Denuncia

Cuando tu “amigo” también es tu agresor

Por Angélica Jocelyn Soto Espinosa

Un argumento muy usado por los agresores para deslegitimar una denuncia contra ellos es de este tipo: “Teníamos una relación, terminó mal y su denuncia es una venganza de índole personal”.

Lo que esconde este argumento es que la violencia contra las mujeres no sólo ocurre en las calles, sino (y con mayor frecuencia) dentro de relaciones personales, íntimas. De hecho, muchas veces las víctimas identifican la violencia luego de muchos años y es cuando deciden acabar esa relación. Denunciar, en estos casos, es un acto político, de reivindicación, de justicia y no de venganza. Es claro: “conflicto personal” y violencia contra las mujeres no son conceptos antagónicos, muchas veces son lo mismo. 

Digo esto a propósito de un hecho que me implica personal y, como siempre ha enunciado el feminismo, políticamente. 

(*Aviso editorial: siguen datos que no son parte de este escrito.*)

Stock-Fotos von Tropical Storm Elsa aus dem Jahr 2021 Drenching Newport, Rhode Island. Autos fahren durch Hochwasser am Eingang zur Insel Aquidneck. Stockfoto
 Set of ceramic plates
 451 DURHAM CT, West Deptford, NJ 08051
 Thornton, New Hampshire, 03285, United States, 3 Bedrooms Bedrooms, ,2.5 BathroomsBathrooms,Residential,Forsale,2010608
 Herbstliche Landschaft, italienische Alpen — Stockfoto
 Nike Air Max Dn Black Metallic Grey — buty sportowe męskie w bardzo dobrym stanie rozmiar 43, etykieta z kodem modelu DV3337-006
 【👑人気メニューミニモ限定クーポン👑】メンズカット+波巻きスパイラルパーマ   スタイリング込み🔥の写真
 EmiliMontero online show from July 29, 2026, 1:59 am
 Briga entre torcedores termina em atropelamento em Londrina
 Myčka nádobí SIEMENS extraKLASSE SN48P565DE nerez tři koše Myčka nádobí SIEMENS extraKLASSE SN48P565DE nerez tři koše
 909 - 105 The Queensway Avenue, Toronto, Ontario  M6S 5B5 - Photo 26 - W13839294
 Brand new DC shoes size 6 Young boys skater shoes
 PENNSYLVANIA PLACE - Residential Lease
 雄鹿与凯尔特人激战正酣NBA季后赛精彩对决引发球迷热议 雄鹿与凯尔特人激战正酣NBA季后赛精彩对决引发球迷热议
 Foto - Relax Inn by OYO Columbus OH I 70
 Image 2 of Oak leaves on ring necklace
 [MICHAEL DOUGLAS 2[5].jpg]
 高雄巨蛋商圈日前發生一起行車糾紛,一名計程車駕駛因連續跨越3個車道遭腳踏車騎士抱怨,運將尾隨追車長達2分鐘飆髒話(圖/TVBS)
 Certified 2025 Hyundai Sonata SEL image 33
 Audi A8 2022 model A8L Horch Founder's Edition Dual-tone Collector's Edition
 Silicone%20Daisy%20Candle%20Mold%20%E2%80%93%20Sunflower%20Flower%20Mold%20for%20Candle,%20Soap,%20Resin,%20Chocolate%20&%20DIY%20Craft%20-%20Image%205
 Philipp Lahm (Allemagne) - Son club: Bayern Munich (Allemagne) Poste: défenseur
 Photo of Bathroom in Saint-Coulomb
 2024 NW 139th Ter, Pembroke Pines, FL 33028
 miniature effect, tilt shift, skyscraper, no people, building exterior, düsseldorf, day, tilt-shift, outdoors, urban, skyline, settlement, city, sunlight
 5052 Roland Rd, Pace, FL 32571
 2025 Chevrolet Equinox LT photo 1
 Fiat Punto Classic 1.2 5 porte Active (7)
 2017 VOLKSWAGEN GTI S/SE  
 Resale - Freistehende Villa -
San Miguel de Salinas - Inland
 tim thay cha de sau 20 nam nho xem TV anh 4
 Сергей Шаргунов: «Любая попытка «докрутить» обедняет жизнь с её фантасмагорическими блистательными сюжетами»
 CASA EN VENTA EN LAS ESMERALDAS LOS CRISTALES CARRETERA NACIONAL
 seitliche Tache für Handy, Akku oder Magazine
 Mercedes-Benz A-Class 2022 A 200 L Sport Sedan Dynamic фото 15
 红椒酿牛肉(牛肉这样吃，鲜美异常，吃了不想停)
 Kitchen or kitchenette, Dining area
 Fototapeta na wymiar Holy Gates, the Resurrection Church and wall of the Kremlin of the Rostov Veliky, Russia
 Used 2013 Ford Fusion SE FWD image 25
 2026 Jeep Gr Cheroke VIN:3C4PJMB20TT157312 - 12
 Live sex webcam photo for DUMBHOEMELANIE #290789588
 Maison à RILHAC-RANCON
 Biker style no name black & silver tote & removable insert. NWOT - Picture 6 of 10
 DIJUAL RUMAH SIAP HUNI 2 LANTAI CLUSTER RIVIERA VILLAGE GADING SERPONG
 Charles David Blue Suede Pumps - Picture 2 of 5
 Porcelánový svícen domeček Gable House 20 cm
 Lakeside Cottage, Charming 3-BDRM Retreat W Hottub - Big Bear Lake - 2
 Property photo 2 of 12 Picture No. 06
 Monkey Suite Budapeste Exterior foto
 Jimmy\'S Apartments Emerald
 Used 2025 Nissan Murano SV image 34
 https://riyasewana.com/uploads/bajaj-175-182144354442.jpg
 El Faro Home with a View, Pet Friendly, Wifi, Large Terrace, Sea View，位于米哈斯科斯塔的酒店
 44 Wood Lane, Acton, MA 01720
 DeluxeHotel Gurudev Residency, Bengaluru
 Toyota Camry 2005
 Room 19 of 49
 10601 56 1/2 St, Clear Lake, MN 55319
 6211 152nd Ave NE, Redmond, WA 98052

Durante las manifestaciones del #Metoo en México en 2019, personalmente apoyé desde mi perfil de Twitter dos denuncias anónimas contra Fernando Miranda, co-editor en El Universal. 

 

 

Se le acusó a través de la cuenta de PUM de ejercer violencia contra quienes fueron compañeras suyas. Sin haber identificado entonces a las denunciantes, sentí la obligación ética y moral de apoyarlas porque en el pasado constaté que Fernando Miranda ejerció violencia psicológica y económica. 

Seré clara: Fernando y yo sí fuimos amigos cercanos, vivimos juntos durante la universidad, me acompañó en varias etapas de mi vida y fuimos colaboradores en más de un proyecto profesional. Una amistad entrañable. Pero eso no anula el hecho de que, en medio o a costa de ese vínculo íntimo, me agredió a mí y a una amiga en común. De hecho, el antecedente de tenernos confianza sólo agravó las implicaciones de su violencia. 

Les describiré los hechos. Fernando era el único hombre en un equipo de trabajo de casi 10 integrantes. Durante un proceso grupal de valoración al cierre de un proyecto, una compañera llamada Yuliana López, lo acusó frente a todas de ser abusivo con ella y las otras, de gritar, de demeritar el trabajo, imponer tiempos y actividades a su conveniencia y de valerse de su condición de género para apropiarse de la relación con quien fuera nuestro cliente, también hombre, pues Fernando decidió que el pago para todas se hiciera a su cuenta bancaria y que él llevaría las negociaciones. Siempre se respaldó en el argumento de que su trabajo era mejor que el del resto.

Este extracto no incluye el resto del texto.